◆ What to produce
What is needed is the exact text of each line in the listing below from the one with "tiguar Trainingsbox" up to and including the one with "Buy Wholesale Wallpaper in Sydney, Australia", and no pictures.

Top of Data for analysis

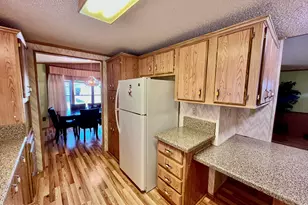 11596 W Sierra Dawn Blvd, Surprise, AZ 85378 - Photo 24
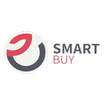 ESmart Buy simgesi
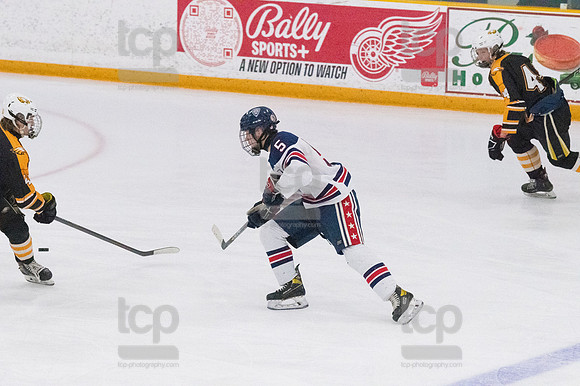TCP_6353_020924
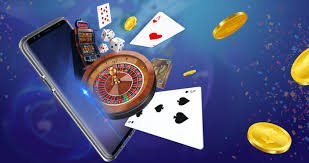 Playio Casino Ihr Tor zur Welt der Online-Spiele 569071175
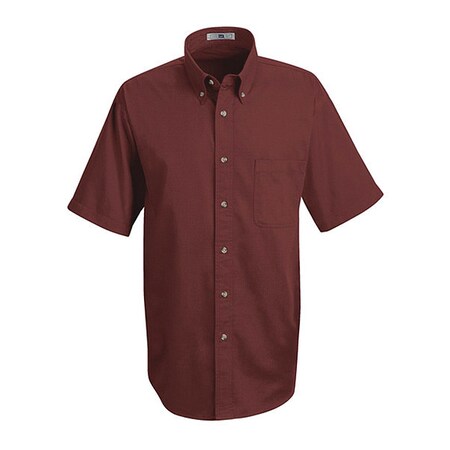 Vf Imagewear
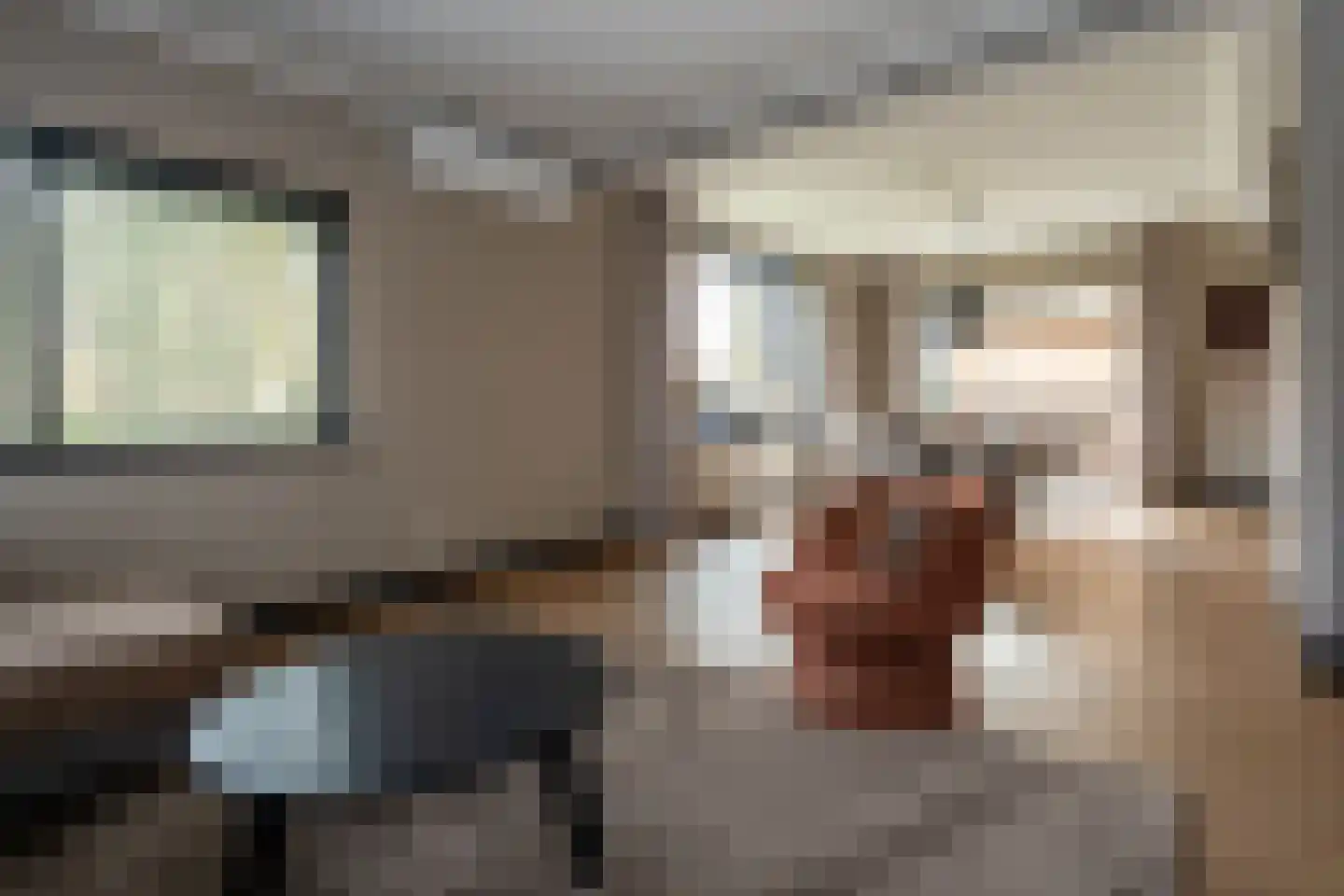 Rembrandtlaan 7 Musselkanaal thumbnail 9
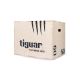 tiguar Trainingsbox
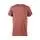 794308.webp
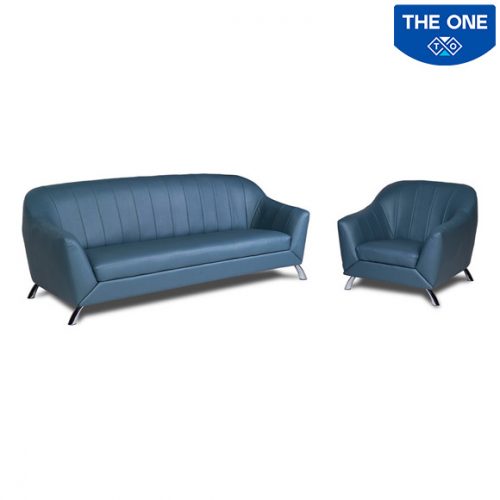 Ghế Sofa The One SF313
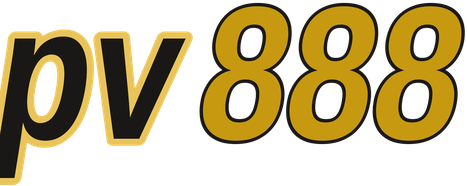 pv888 logo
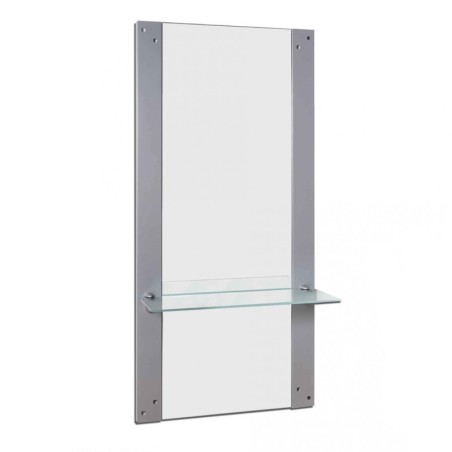 TOCADOR TOKYO - FERSAN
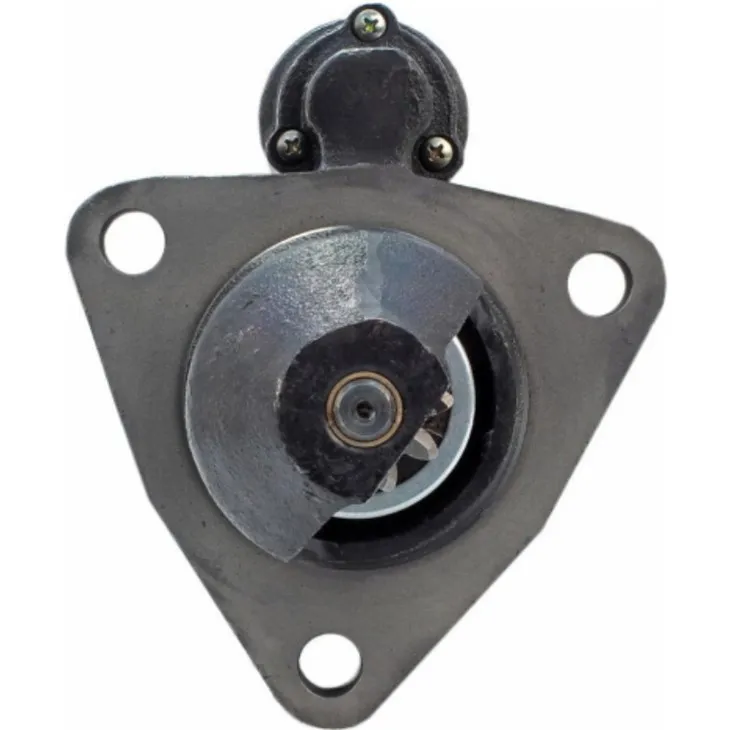 Референтни број: ИСКРА: 11131150, АЗФ4199, ИС1102 КАМАЗ: 89023708.91023708000 Примена: Камаз 740.50 Камаз 740.51 Камаз 740.65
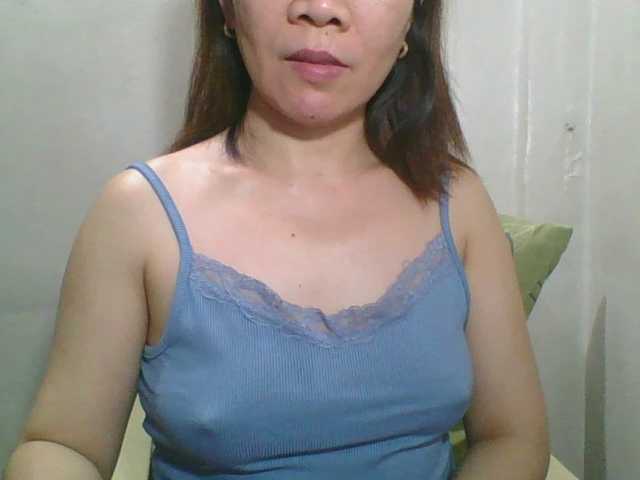 Sexynipps's BongaCams show and profile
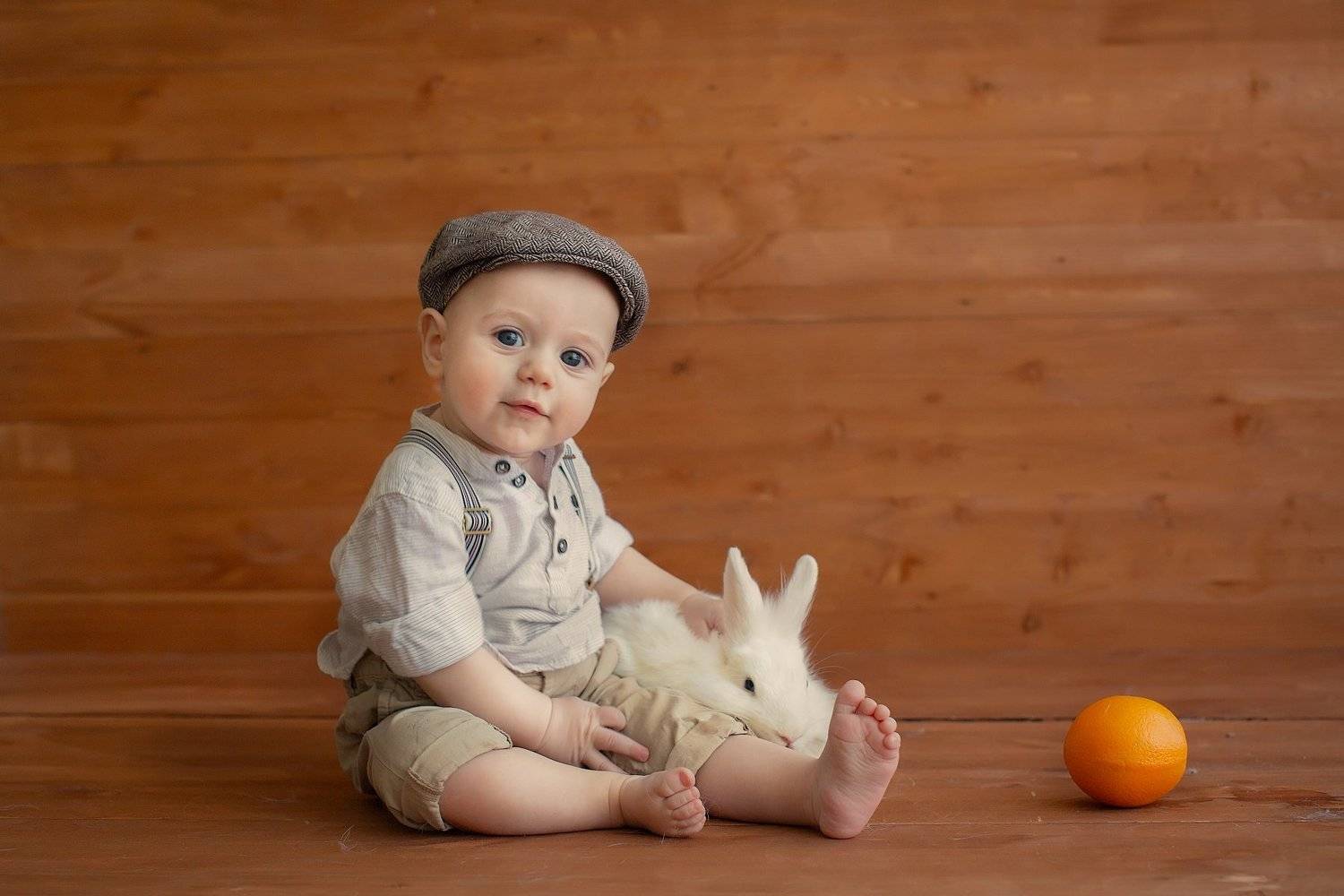 , Елена Горячева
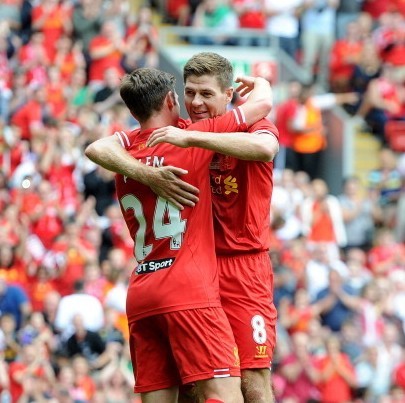 培养计划更 培养计划更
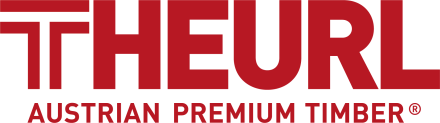 Partner/Sponsor Logo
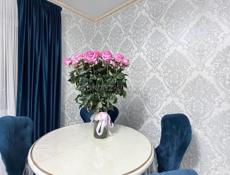 Продается стол стул 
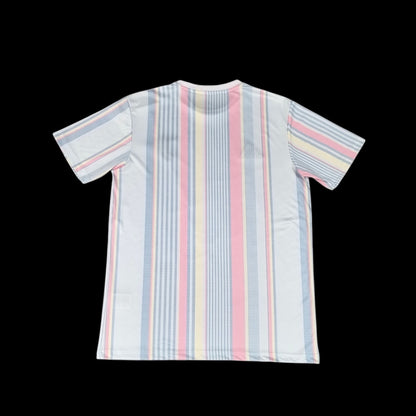 Juventus 25/26 Pre Match Kit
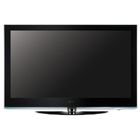 Plasma Television logo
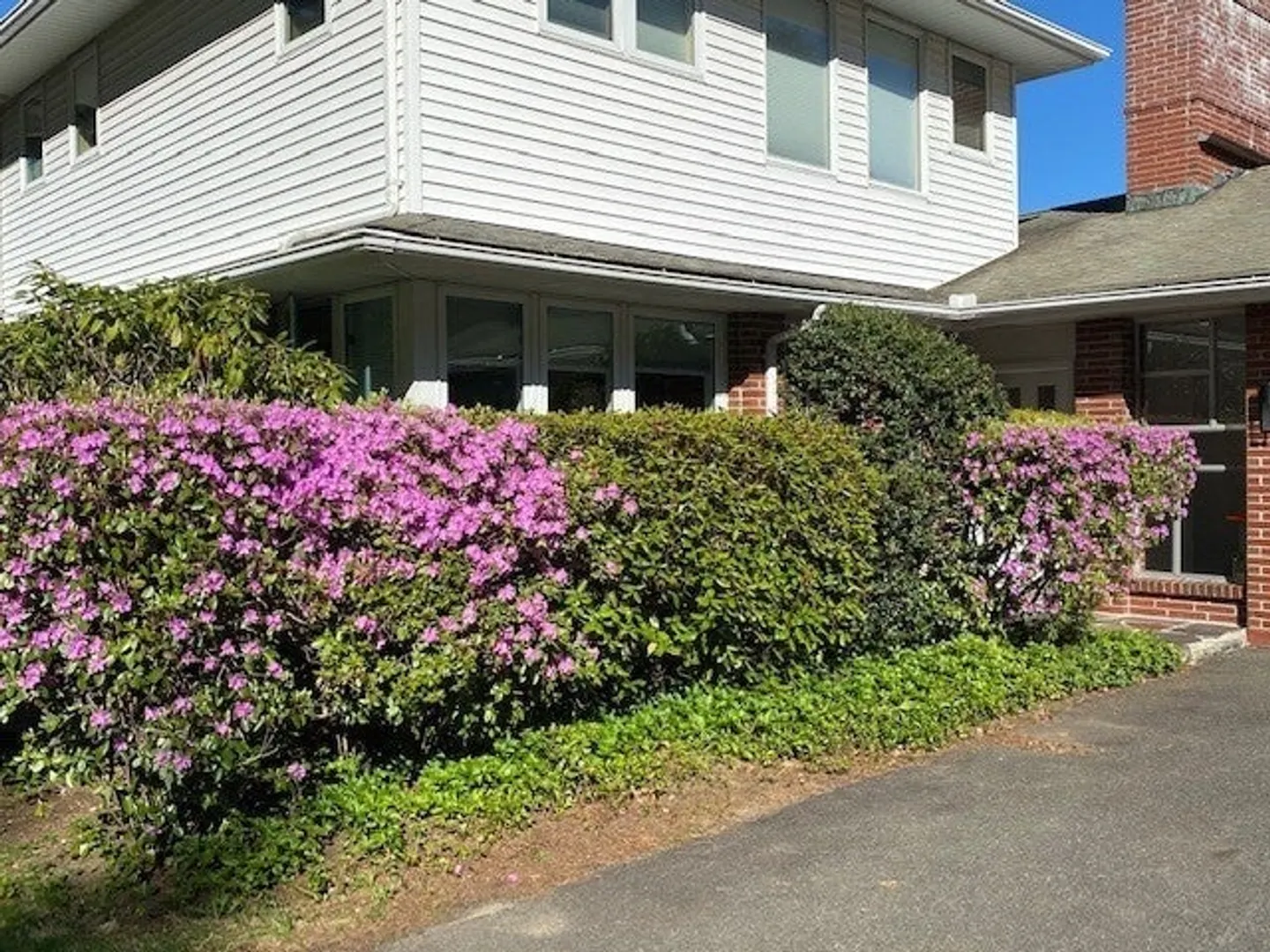 61 Arnold Rd Photo 37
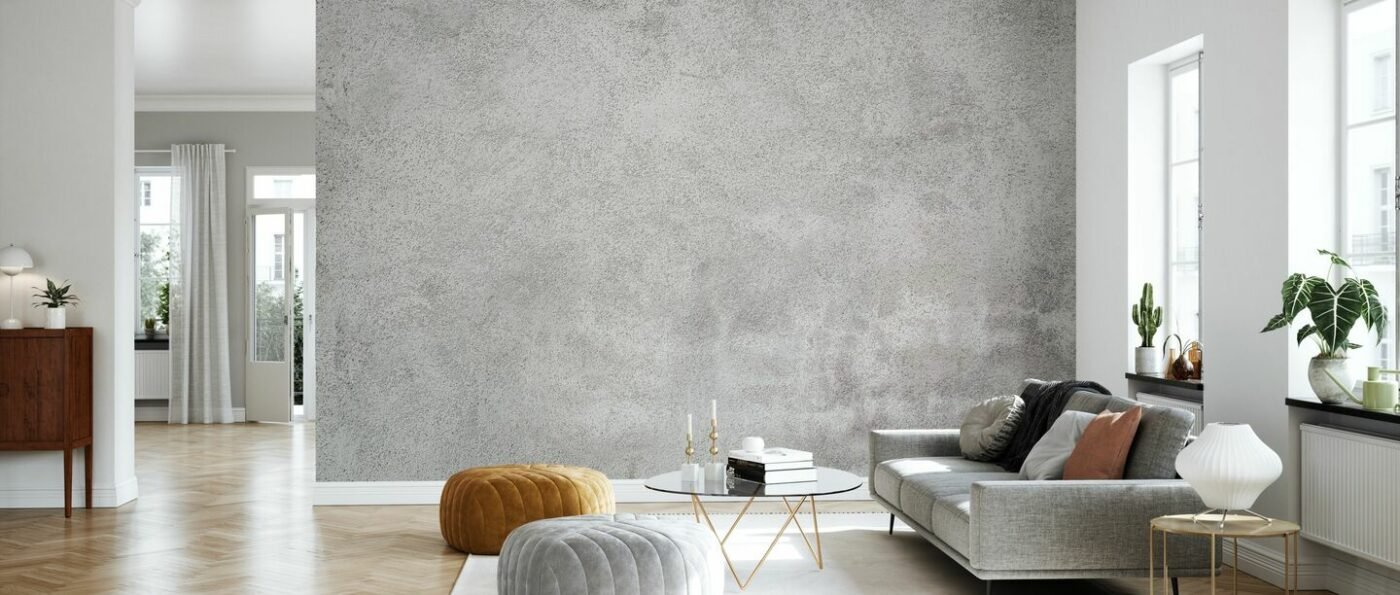 Buy Wholesale Wallpaper in Sydney, Australia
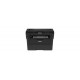 Brother HL-L2395DW - Toner compatíveis e originais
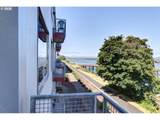 3990 Abbey Ln - Photo 11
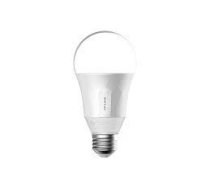 Viedierīce TP-Link Smart Wi-Fi A19 Led Bulb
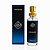 Perfume selvagem 15ml - Lady Care - Imagem 1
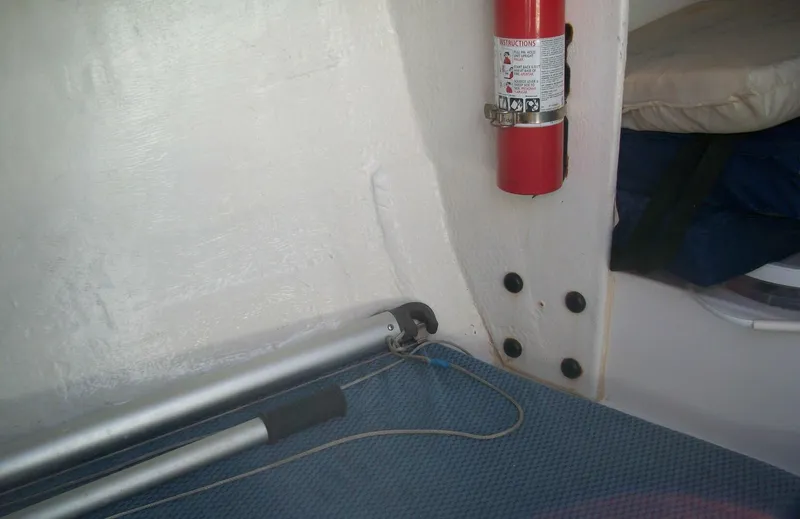 Slide: The Image of Precision Colgate 26 2008 - 5982755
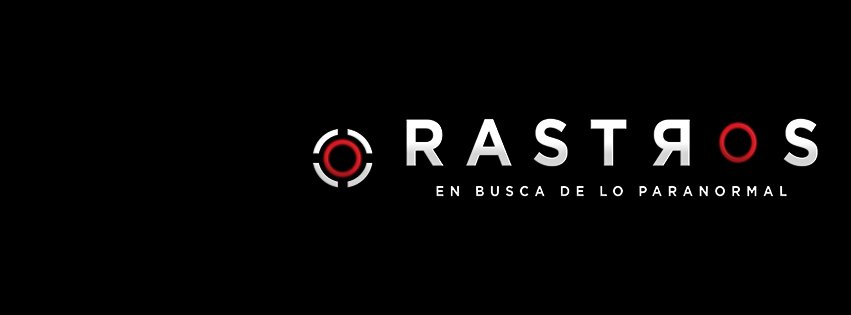 rastros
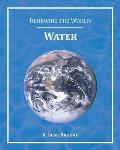 Renewing the World: Water
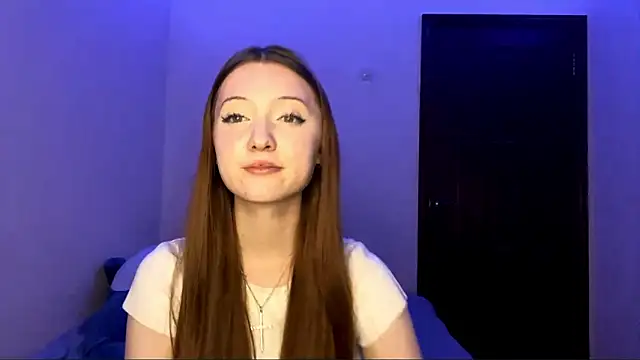 BowingSetup's cam snapshot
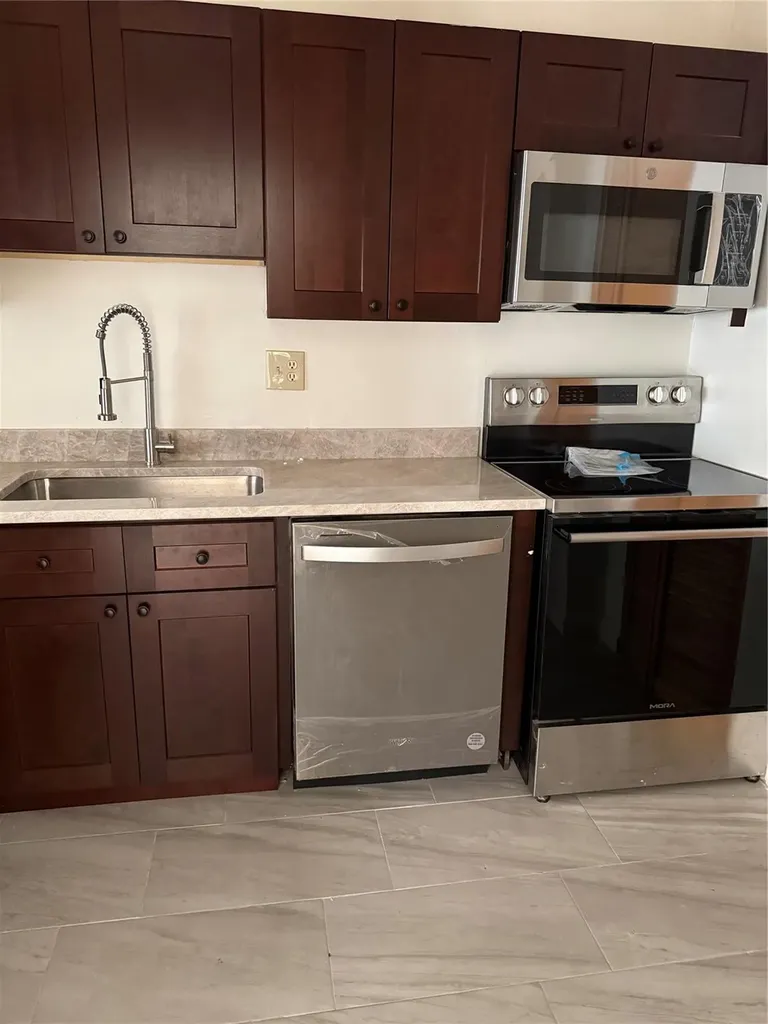 7901 Colony Circle Fort Lauderdale FL 33321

Bottom of Data for analysis

◆ Result of the task
 tiguar Trainingsbox
 794308.webp
 Ghế Sofa The One SF313
 pv888 logo
 TOCADOR TOKYO - FERSAN
 Референтни број: ИСКРА: 11131150, АЗФ4199, ИС1102 КАМАЗ: 89023708.91023708000 Примена: Камаз 740.50 Камаз 740.51 Камаз 740.65
 Sexynipps's BongaCams show and profile
 , Елена Горячева
 培养计划更 培养计划更
 Partner/Sponsor Logo
 Продается стол стул 
 Juventus 25/26 Pre Match Kit
 Plasma Television logo
 61 Arnold Rd Photo 37
 Buy Wholesale Wallpaper in Sydney, Australia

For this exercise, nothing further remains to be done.